Por outro lado, Portugal surge também entre os países que relatam uma percentagem mais elevada no uso do preservativo entre este grupo, com taxas que rondam os 90% — mais precisamente, 87% (homens) e 96% (mulheres). Por fim, nos dados sobre a cobertura desta população nos programas nacionais do VIH, nomeadamente com acções de prevenção, constata-se que as percentagens ficam-se pelos 43% nos homens e 40% nas mulheres.

O relatório compara os dados obtidos em 2012 com anos anteriores e conclui que a prevalência do VIH no grupo dos trabalhadores do sexo mantém-se reduzida na Europa e na Ásia Central. Porém, os especialistas sublinham a importância de vigiar de forma mais atenta e contínua a infecção neste grupo mais vulnerável da população. Sobre os subgrupos, o relatório alerta que é preciso obter mais dados sobre os trabalhadores do sexo que usam drogas injectáveis e refere ainda que também há pouca informação acerca dos trabalhadores do sexo que são imigrantes, sublinhando que se trata de um fenómeno que merece mais atenção. Segundo argumentam, um estudo recente de uma rede europeia para a prevenção e promoção de saúde neste subgrupo (TAMPEP) mostra que “uma grande proporção de trabalhadores do sexo na UE são imigrantes “, a maioria de países do leste europeu que não pertencem à União Europeia, mas também da África e da América Latina.

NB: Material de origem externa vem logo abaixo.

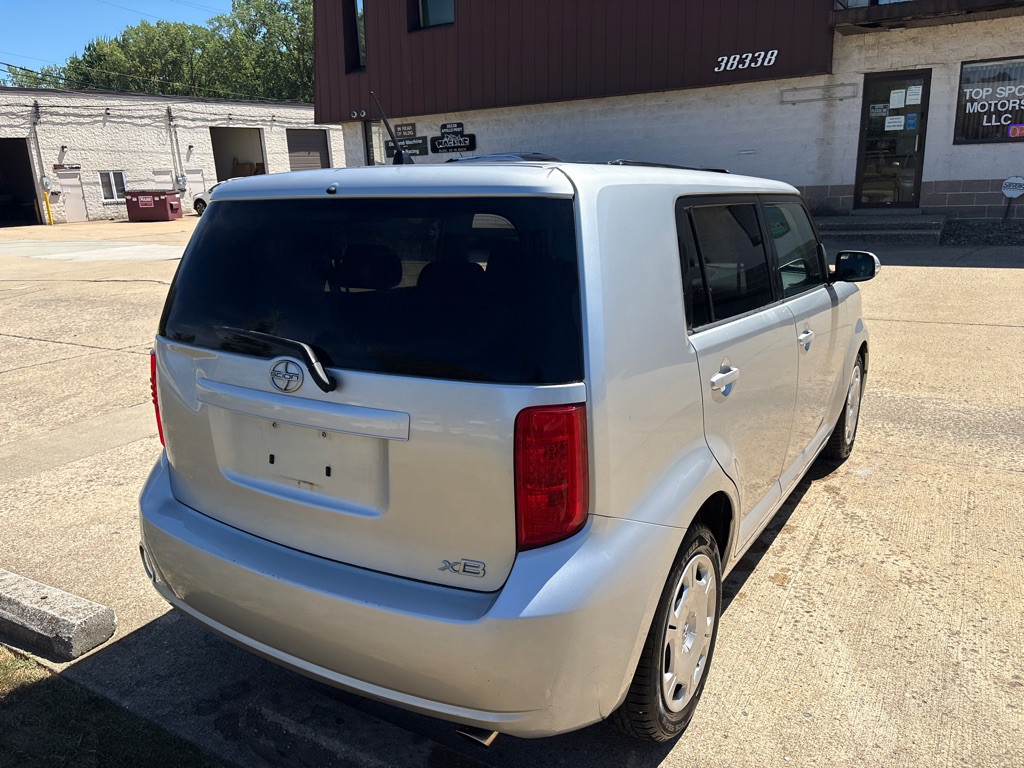 2008 Scion xB Image 7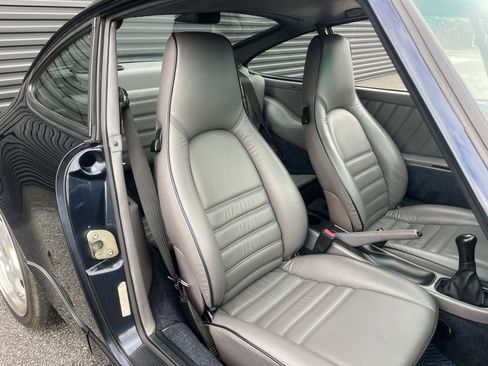 Used 1992 Porsche 911 Carrera image 31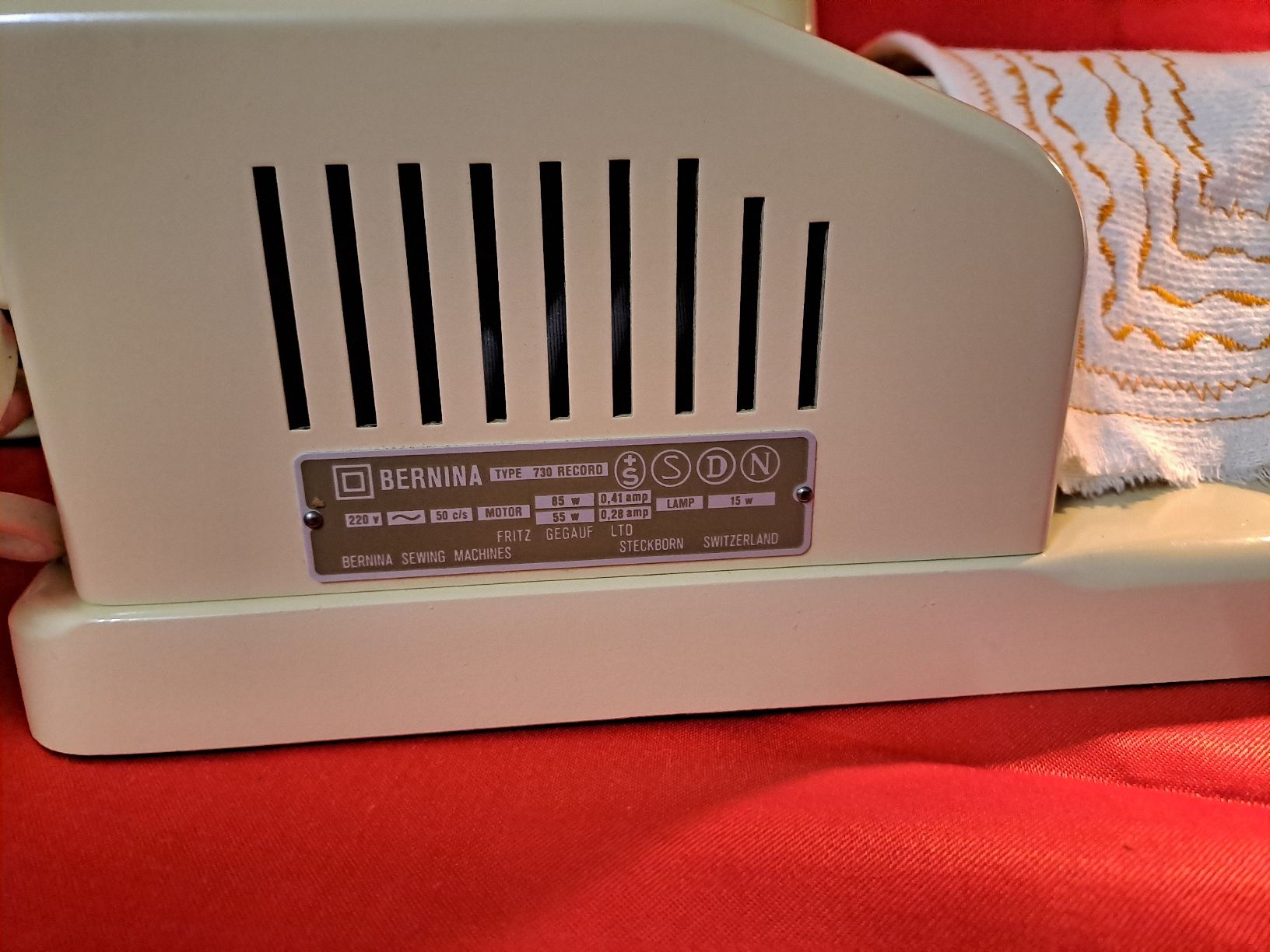 Bernina Nähmaschinen: Bernina 730 record – Gebraucht aus Belp von amalija 3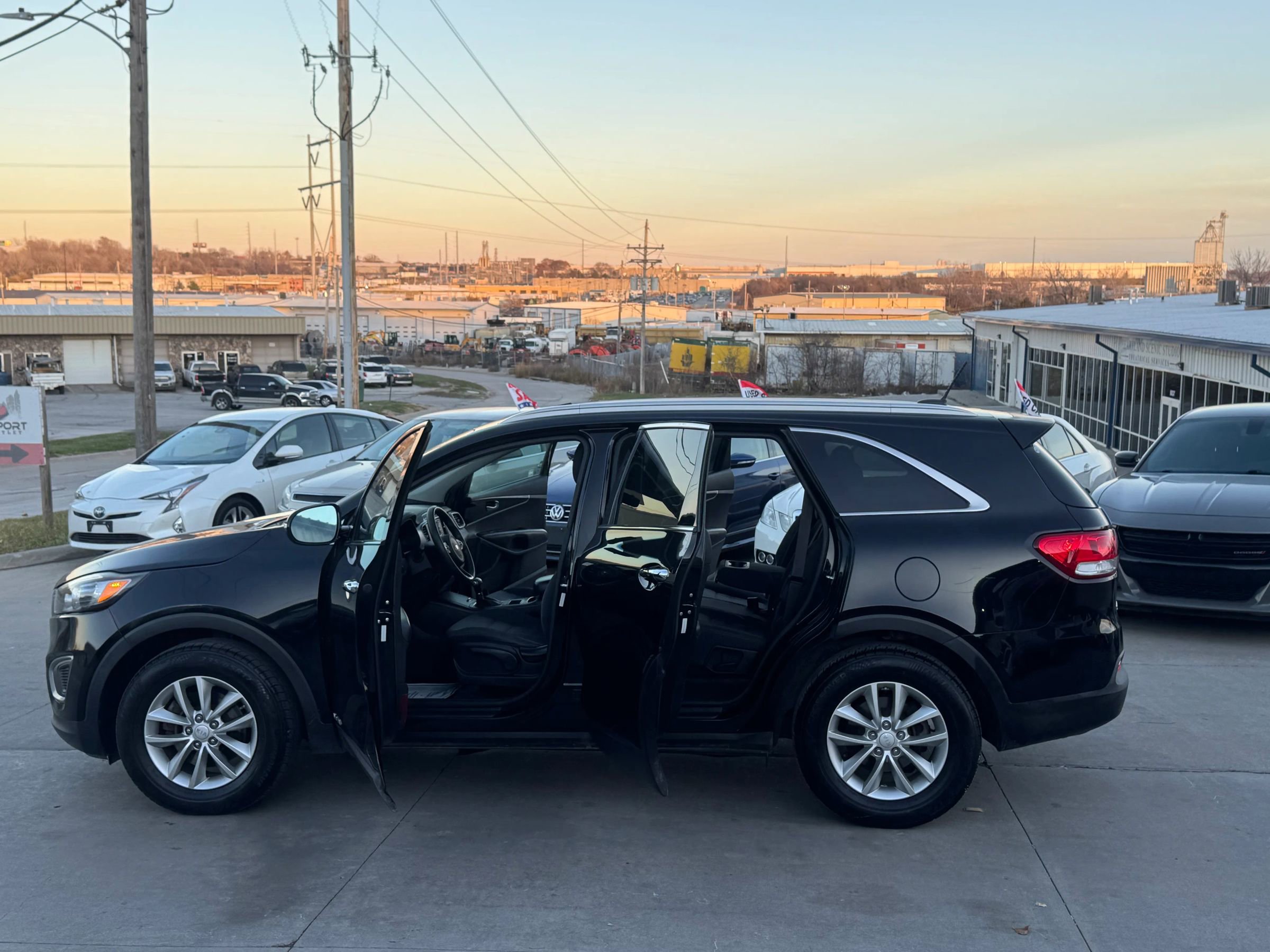 Used 2017 Kia Sorento LX Sport Utility 4D image 25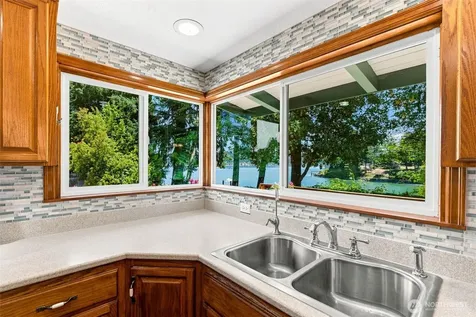 16456 Thorpe Road NE Poulsbo WA 98370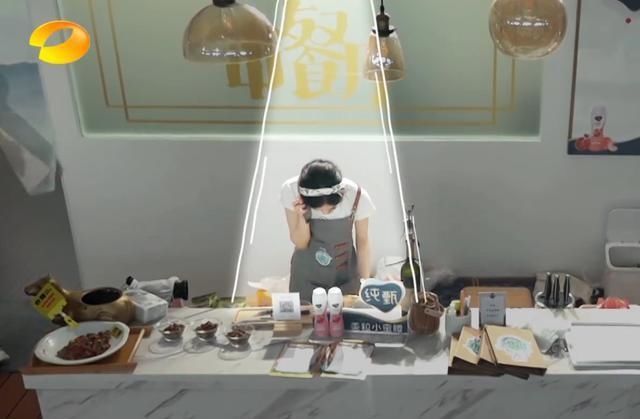  细节|中餐厅亏本，赵丽颖怒怼林大厨，一细节引热议，网友：当我们傻？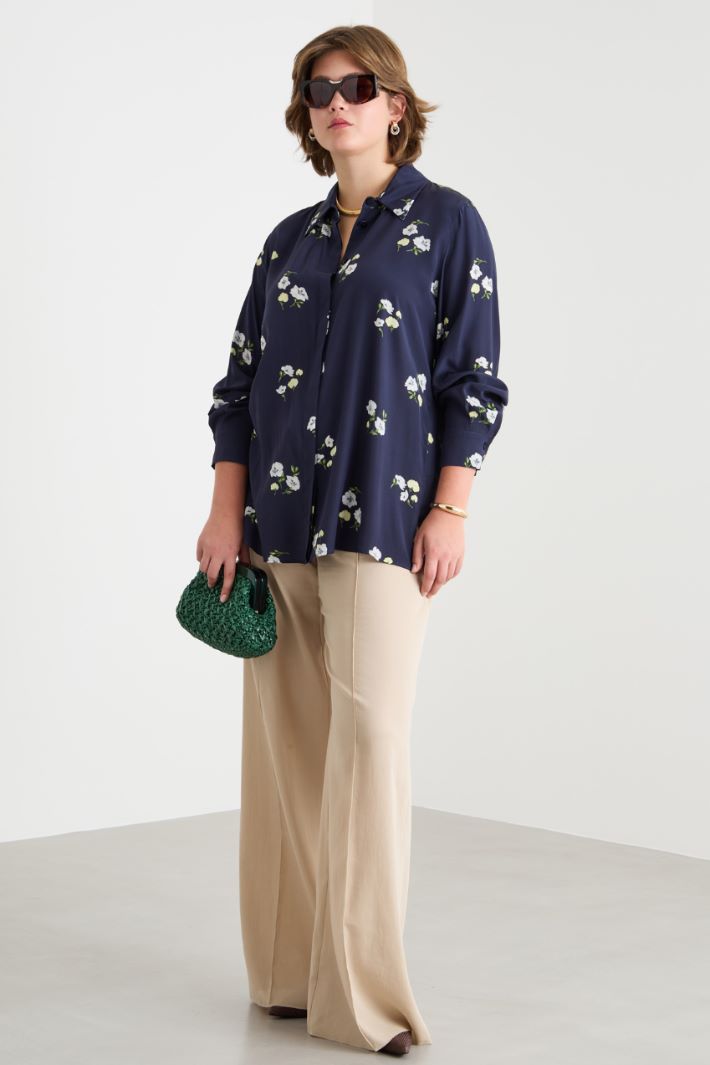 Wide-leg crepe trousers Intrend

No comunicado de imprensa do ECDC, o director Marc Sprenger sublinha que os países continuam a investir na resposta ao VIH, mas que 95% das verbas se destinam ao tratamento e cuidados de pessoas infectadas, reduzindo a percentagem para a vital actividade da prevenção. “Em especial neste período de crise económica, precisamos de garantir que o dinheiro destinado às respostas nacionais ao VIH é usado de forma eficiente e, ao mesmo tempo, garantir que aqueles que necessitem não deixarão de receber o tratamento adequado”, escreve Marc Sprenger.

Num dos capítulos do relatório do ECDC que se dedica ao tratamento e apoio de pessoas infectadas com VIH, sublinha-se que Portugal foi um dos países que terá manifestado alguma preocupação com o financiamento das terapias antiretrovirais.